**What you need to do:** Repeat, word for word, each of the records shown below, without their pictures.

**Given data:**

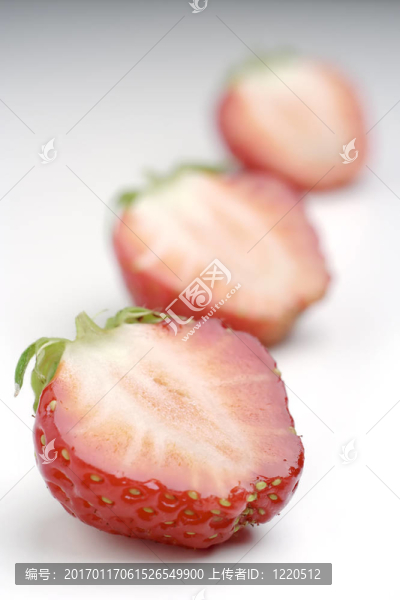 三半草莓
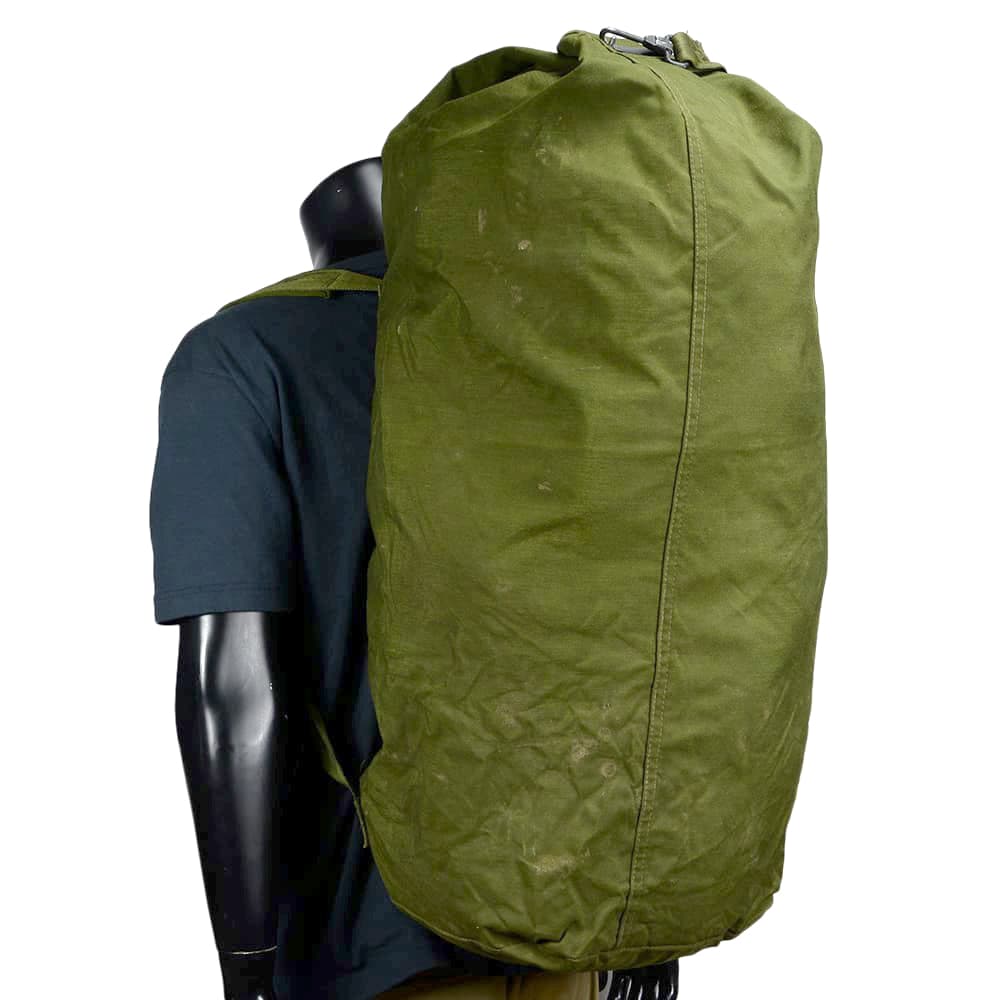 アメリカ軍放出品 ダッフルバッグ 約80L ナイロン生地 キャリング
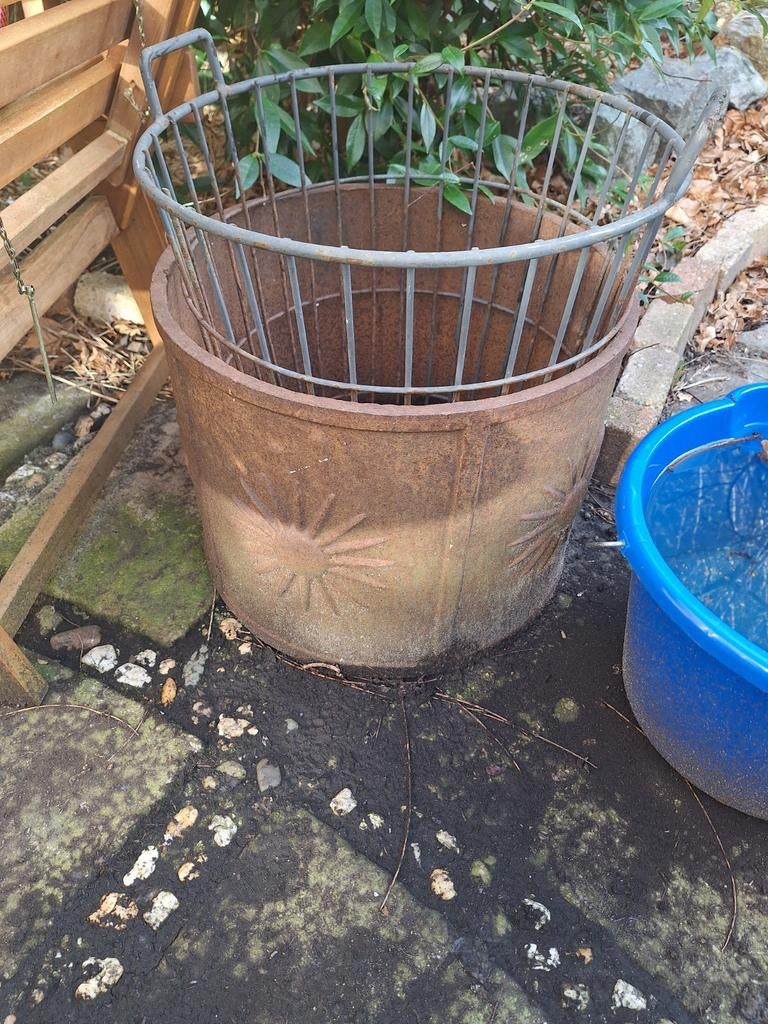 Gietijzeren tuinhaard, Ophalen, Rond, Metaal, 30 tot 60 cm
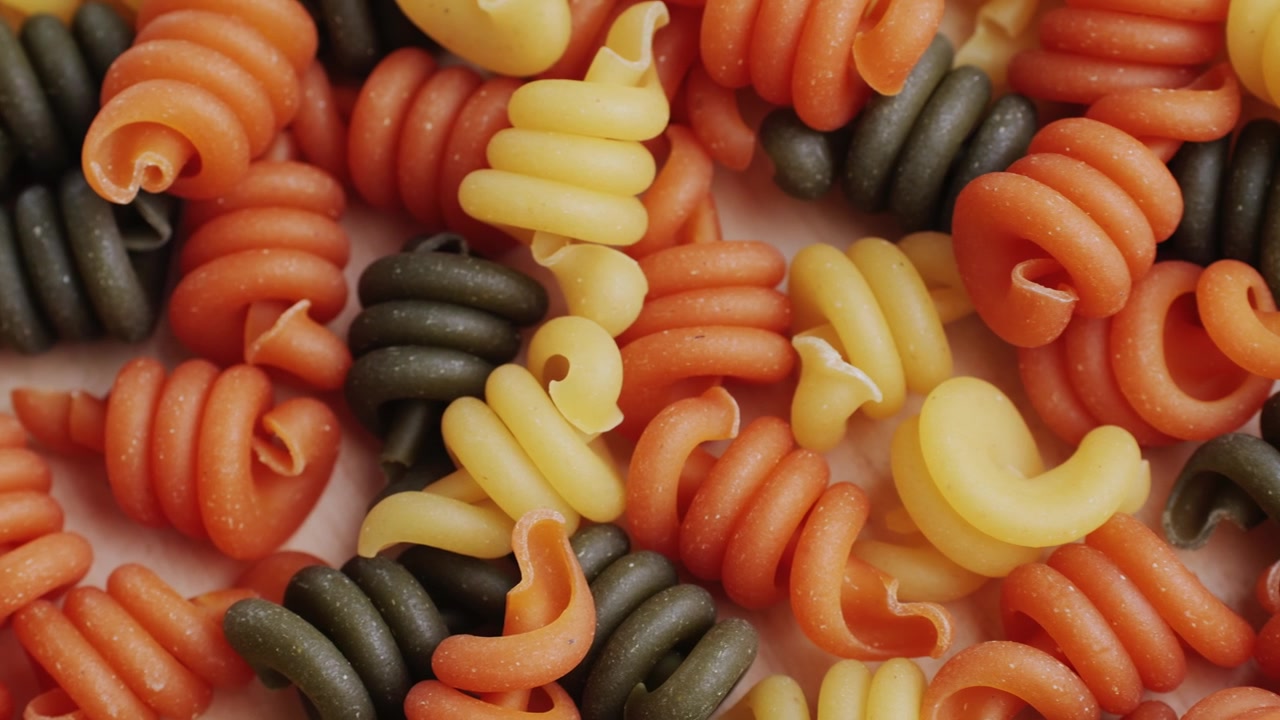 Primo piano di pasta a spirale tricolore cruda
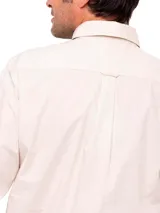 Camisa manga larga de hombre Rkf Galiton color salmón, confeccionada en algodón orgánico. Tiene cuello italiano, calce regular, cierre con botones de madera, bolsillo en el pecho con logo bordado y mangas ajustables con botones.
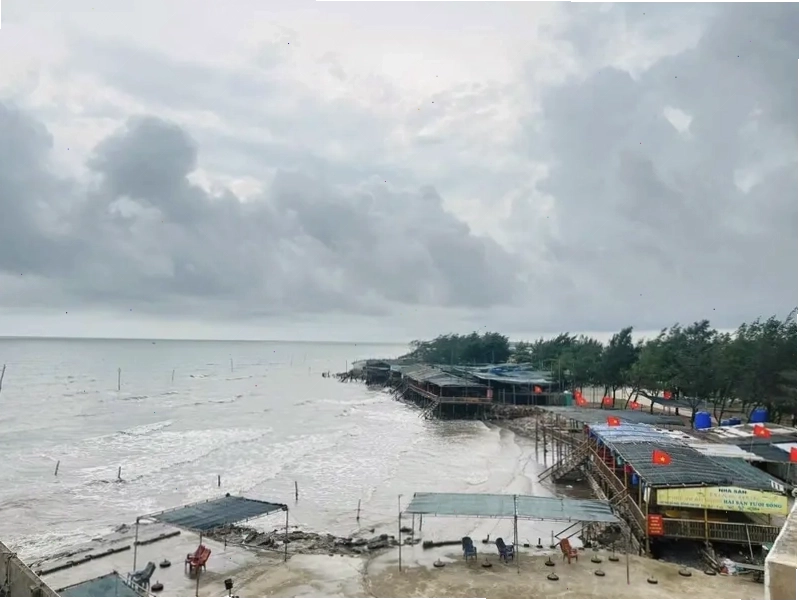 Bãi biển Cửa Đại với vẻ đẹp yên bình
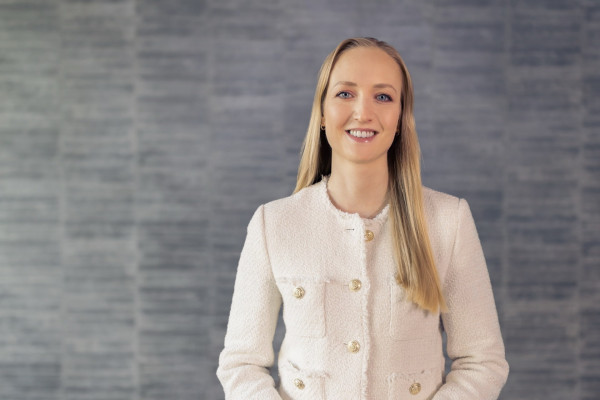 Portrait von Dr. Kristin L. Artz, FEBO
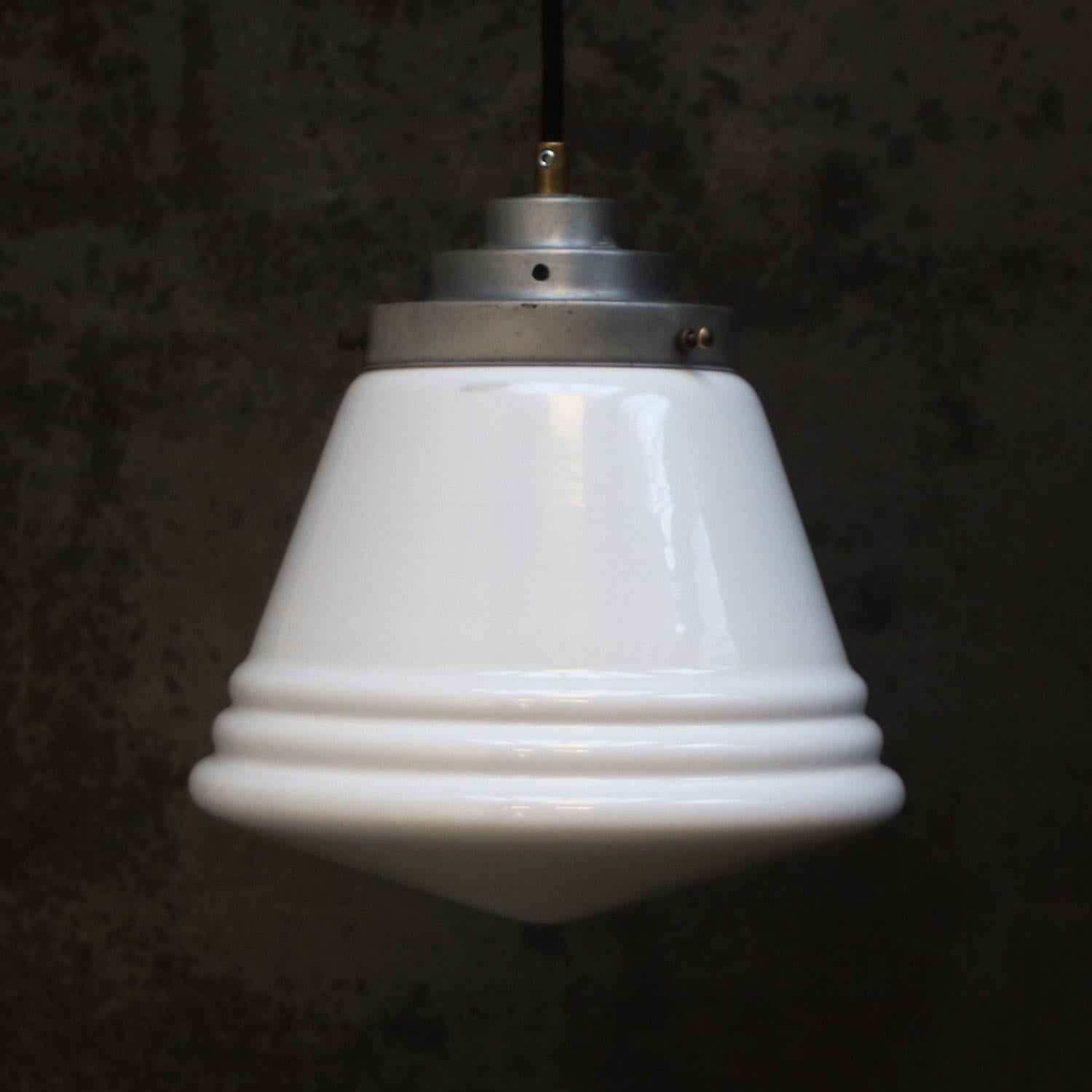 Mid-Century Modern White Reeded Opaline Glass Pendant Lamps by Philips For Sale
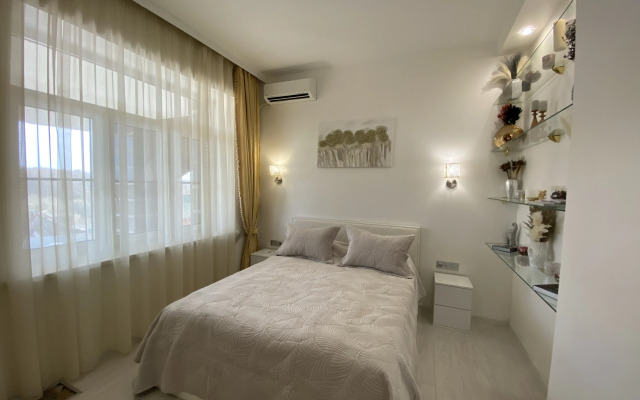 Апартаменты в современном стиле с камином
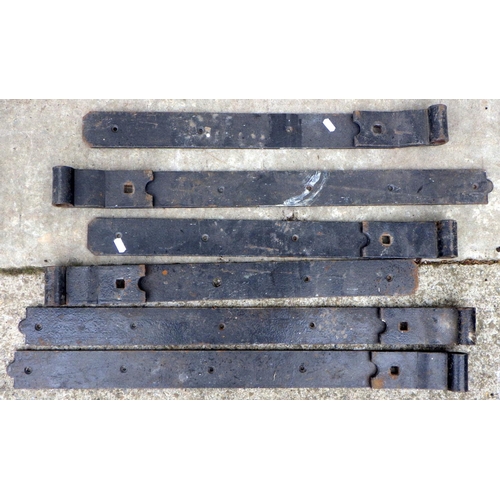 735 - Six metal strap hinges, 77cm long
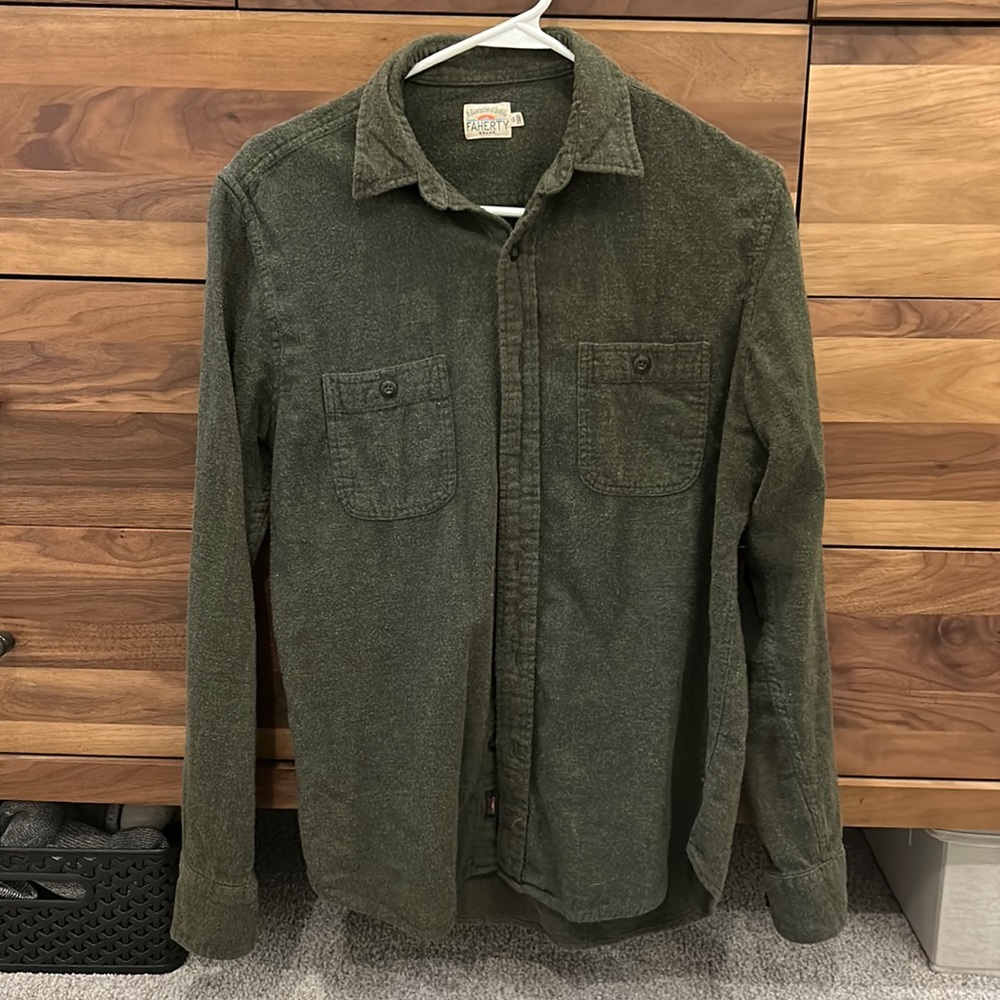 Faherty Men’s flannel button down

**Task result:**
 三半草莓
 アメリカ軍放出品 ダッフルバッグ 約80L ナイロン生地 キャリング
 Gietijzeren tuinhaard, Ophalen, Rond, Metaal, 30 tot 60 cm
 Primo piano di pasta a spirale tricolore cruda
 Camisa manga larga de hombre Rkf Galiton color salmón, confeccionada en algodón orgánico. Tiene cuello italiano, calce regular, cierre con botones de madera, bolsillo en el pecho con logo bordado y mangas ajustables con botones.
 Bãi biển Cửa Đại với vẻ đẹp yên bình
 Portrait von Dr. Kristin L. Artz, FEBO
 Mid-Century Modern White Reeded Opaline Glass Pendant Lamps by Philips For Sale
 Апартаменты в современном стиле с камином
 735 - Six metal strap hinges, 77cm long
 Faherty Men’s flannel button down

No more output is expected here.